After a few days of resisting, I finally bought
All Consuming has picked up some of the discussion. If you plan on reading this book, and haven't yet, you might not want to read further, because I'm going to list the points that I think Michael Crichton skirted around in order to make the humans capable of defeating the nanobots.
1) The nanobot swarms were isolated to the desert. They were in Nevada and had luckily been "programmed" to never stray too far from "home", which happened to be the airtight building that had somehow been equipped to be able to keep out even nanobots that were 1000th the size of a hair's diameter. If the nanobots would have ever managed to make it to a city, they would have quickly become impossible to fully eliminate and would have surely taken over in no time.
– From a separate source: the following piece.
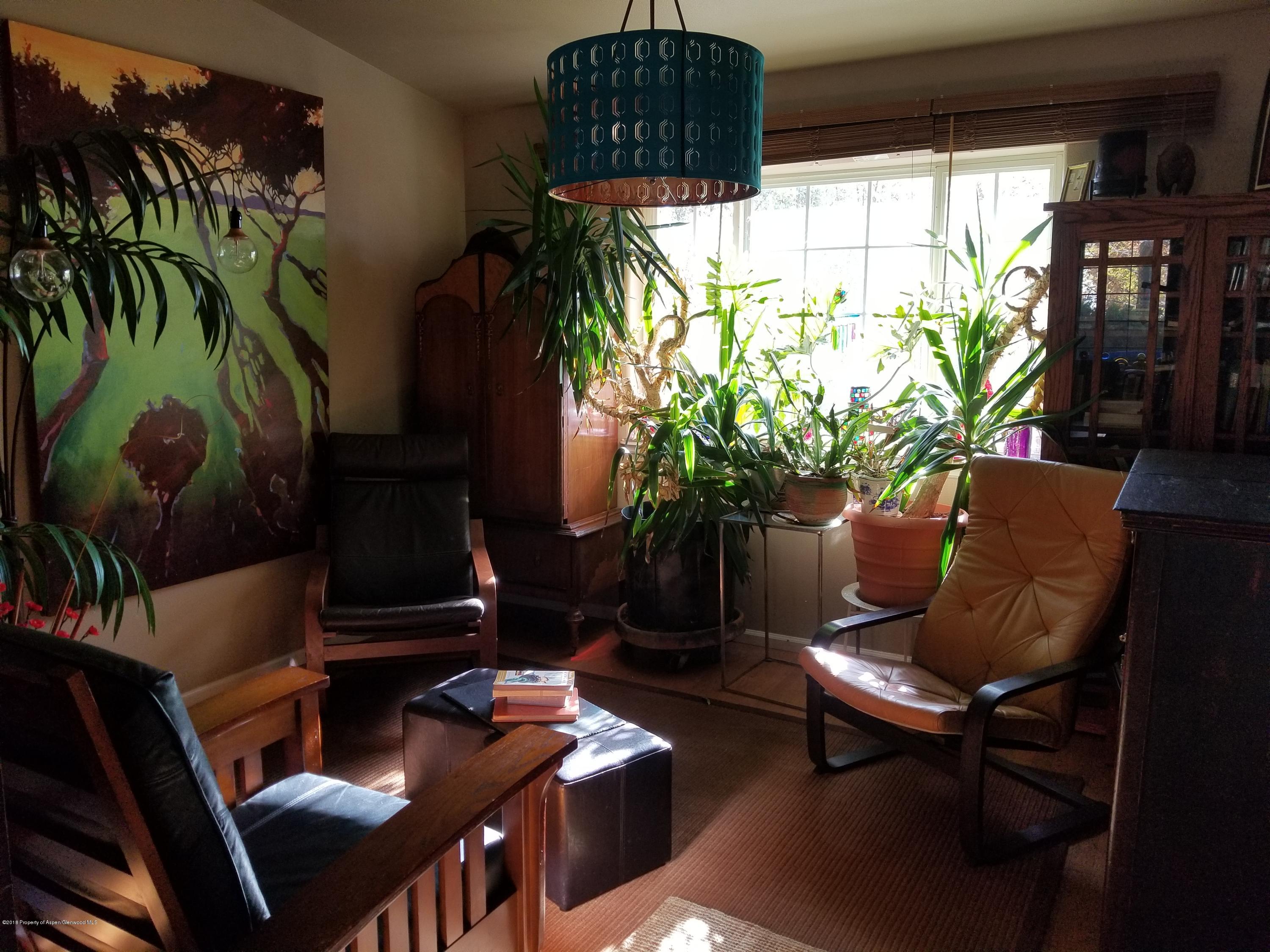 917 Edelweiss Court Rifle, CO 81650 - Photo 4 of 31 a living room with furniture and a potted plant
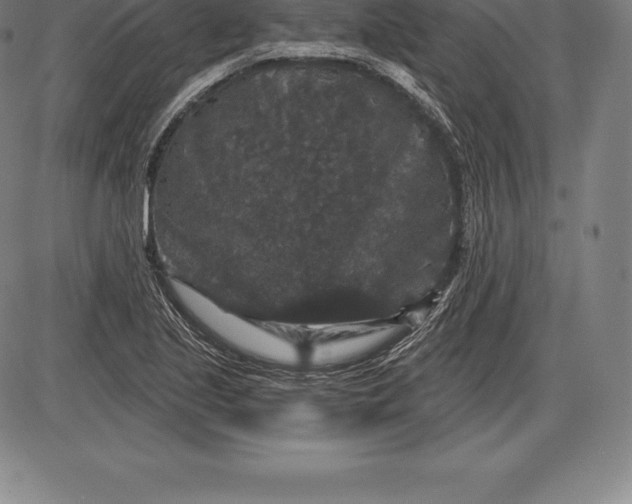 X0000085821221200703301545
2) The nanobots behaved as unified organisms that were limited by space and movement... for example, they were constantly forming tightly packed "swarms" that blocked entrances and even tried to sometimes punch or kick the humans. If I were a swarm, I would regularly expand to gigantic size and I would make sure that there were some nano-representatives in every square inch possible so that there was no single target for the humans (ie, a couple sticks of dynamite wouldn't kill every single nanobot).
3) The nanobots were only defeated because they supposedly became dependant on biological organisms (E. Coli). Had they remained independant of this rather weak organism, the final resolution would not have been possible. Even then, the fact that their demise was so quick and complete was pretty lame.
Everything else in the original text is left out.